For the general training, we can utilize the same procedure that is used in the GAN architecture that is modified with our proposed approach. As previously described, the generator is trained to generate images that fool the discriminator, while the discriminator is trained to distinguish between real and generated images. For more information about the training see the Approach section and the Appendix of our paper, as well as the code in our Github.


Evaluating generative models is a notoriously hard task for which it is difficult to find good quantitative metrics3. We first trained our model on two synthetic data sets (Multi-MNIST and CLEVR) and evaluate it qualitatively on different subsets of these data sets. Following this, we trained our model on the MS-COCO data set and evaluate it qualitatively and quantitatively. For the quantitative evaluation we use the Inception Score (IS) and the Fréchet Inception Distance (FID), as well as a novel evaluation metric based on how often a pre-trained object detector detects a given object in our generated images.


On the Multi-MNIST data set we use training images that contain three digits at non-overlapping positions.

Multi-MNIST real examples
Figure 15: Real samples from the our Multi-MNIST data set.

After the training was finished we can use our model to generate new images in which we can specify where a digit should occur and what kind of digits should be generated. Even though our training images only consisted of images that contained exactly three digits our model is able to generate images with various amounts of digits:

Multi-MNIST generated examples
Figure 16: Generated Multi-MNIST images with different numbers of digits per image (yellow digits are the ground truth labels given to the generator, bounding boxes highlighted for visualization).

Furthermore, we can also change the size of the digits within the images:

Multi-MNIST generated examples; different size
Figure 17: Generated Multi-MNIST images where digits are different sizes.

We also performed ablation studies in which we trained the model without some of the extensions, e.g. without the layout encoding in the generator’s global pathway or without the object pathway in either the generator or the discriminator. We found that all of the extensions were necessary to achieve optimal performance and refer to our paper for more details.


The CLEVR data set consists of images which contain different objects (cylinders, cubes, and spheres) of different sizes, colors, and materials at different locations.

CLEVR real examples
Figure 18: Real samples from our CLEVR data set.

We rendered images that contain 2-4 objects at various locations and again trained our model. After the training was finished we can generate images in which we can control different aspects (object category, color, location, and size) of the objects. As before, we can also generate images that contain more objects in an image than were observed during training.

CLEVR generated examples
Figure 19: Generated CLEVR images. The left image of each pair is rendered by the rendering software, the right image of each pair is the image generated by our model (bounding boxes highlighted for visualization).

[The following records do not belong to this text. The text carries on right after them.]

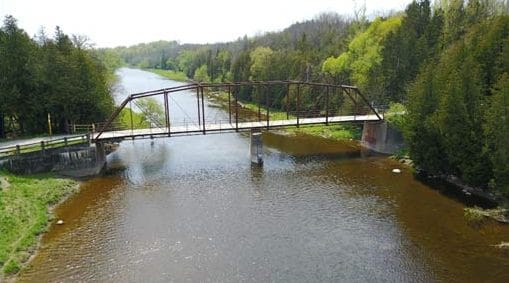Council agrees to reconsider previous decision to demolish Middlebrook Place bridge post image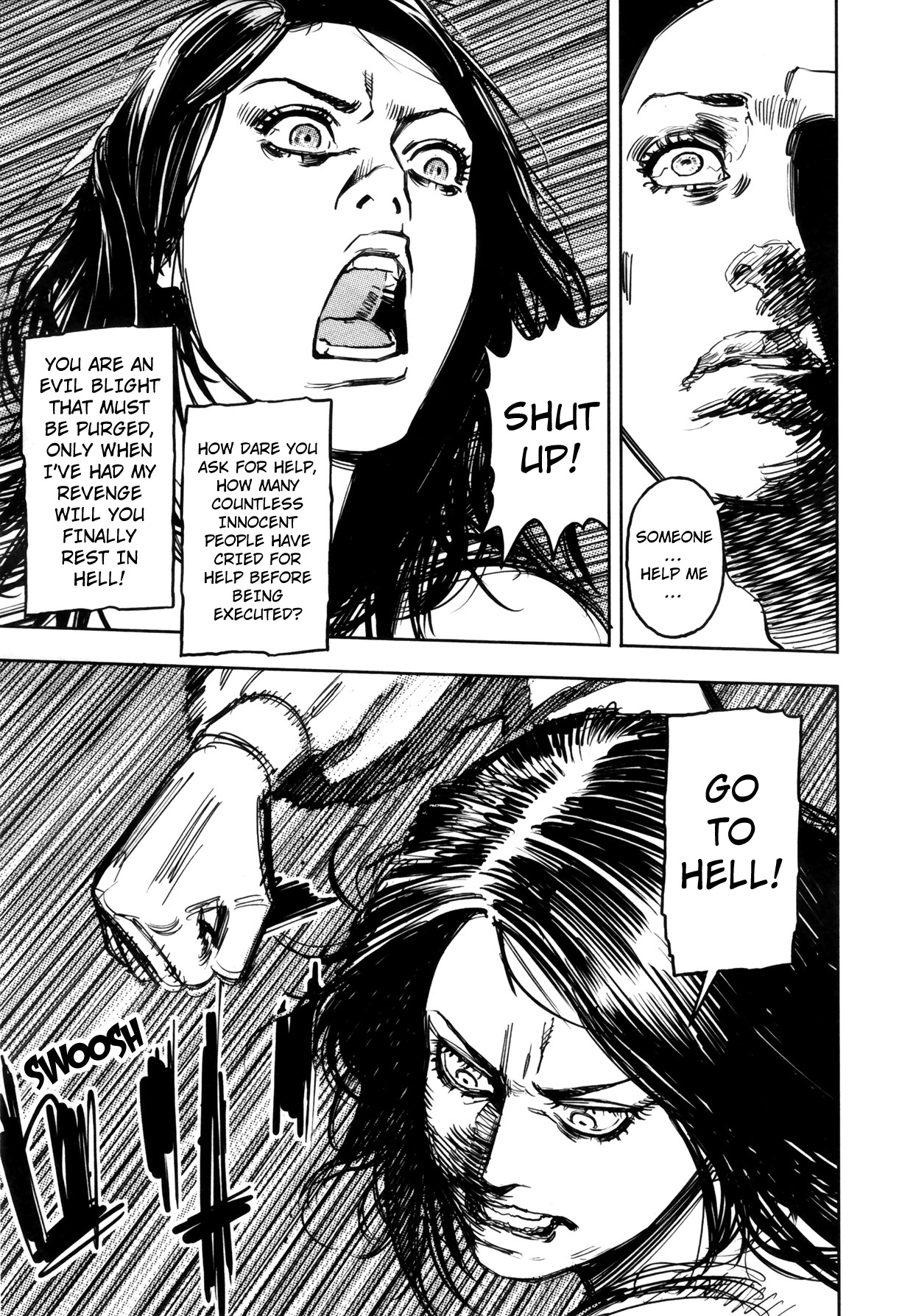 Read Oldman Manga Online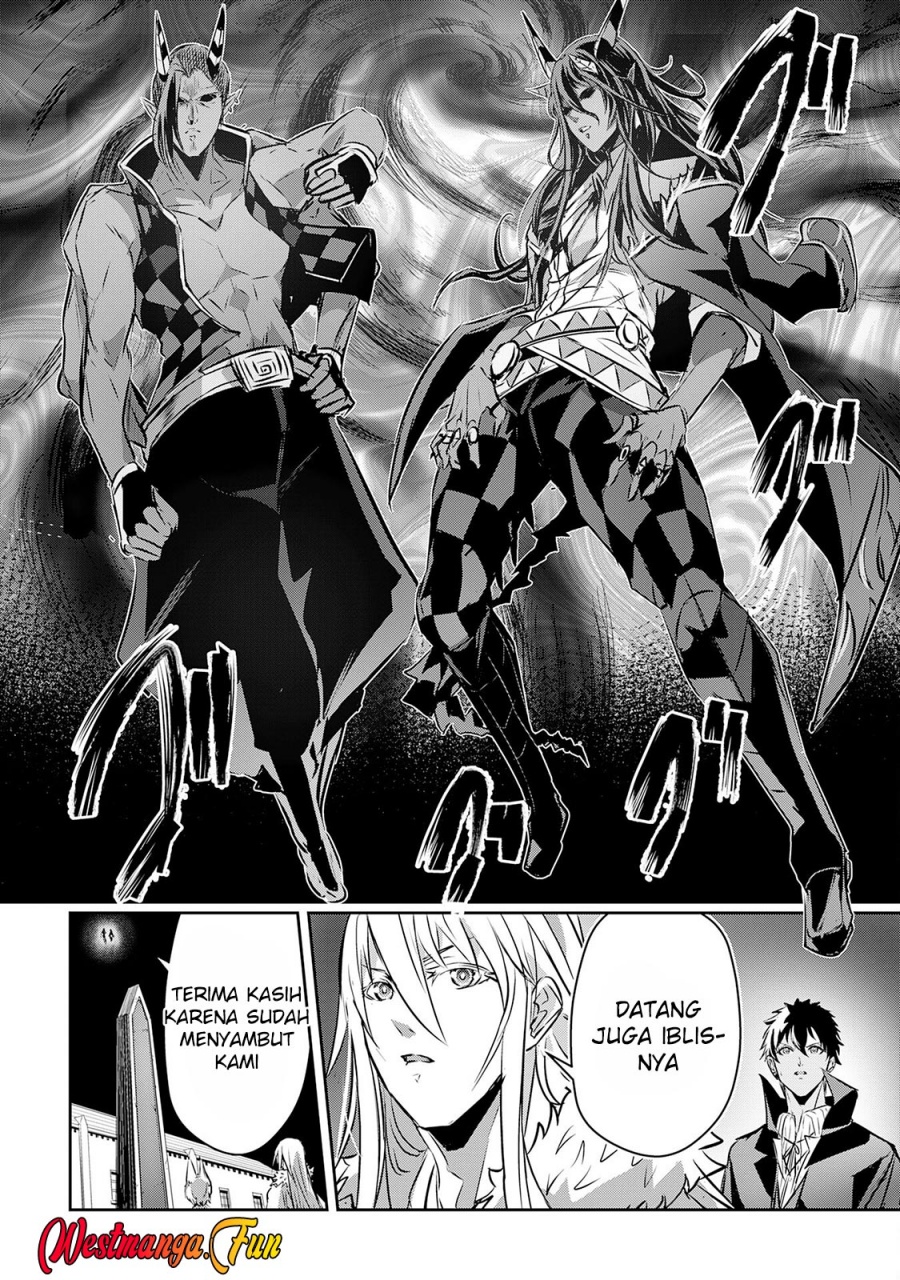 Nanairo Raijyutsushi no Eiyutan Chapter 16 Bahasa Indonesia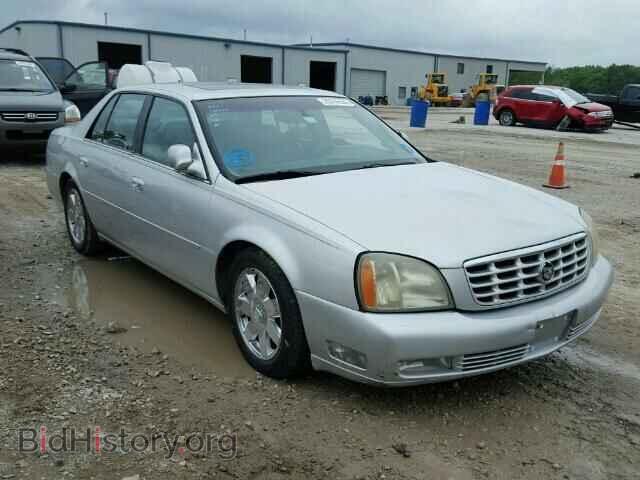 Фотография 1G6KF57983U278752 - CADILLAC DEVILLE 2003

To test the generalization capabilities of our model we also used an adapted version of the CLEVR data set (CLEVR CoGenT) in which some color-object combinations only occur in either the training or the test set. Specifically, in the training set cubes are either gray, blue, brown, or yellow, while cylinders are either red, green, purple, or cyan. In the test set these combinations are inverted. Spheres can have either color in both the training and the test set. We can see that our model is able to generalize to novel object-color combinations, even though we can observe some minor artifacts.

CLEVR generated examples, CoGenT
Figure 20: Generated images from the CLEVR-CoGenT data set.

Overall, the experiments on the synthetic data sets indicate that our model is able to control the location and various other characteristics of individual objects. It can also generalize to previously unseen object characteristics, unseen locations (if the location has been observed for another object during training) and to unseen numbers of objects. To further test the model’s capabilities we now proceed with a more complex data set.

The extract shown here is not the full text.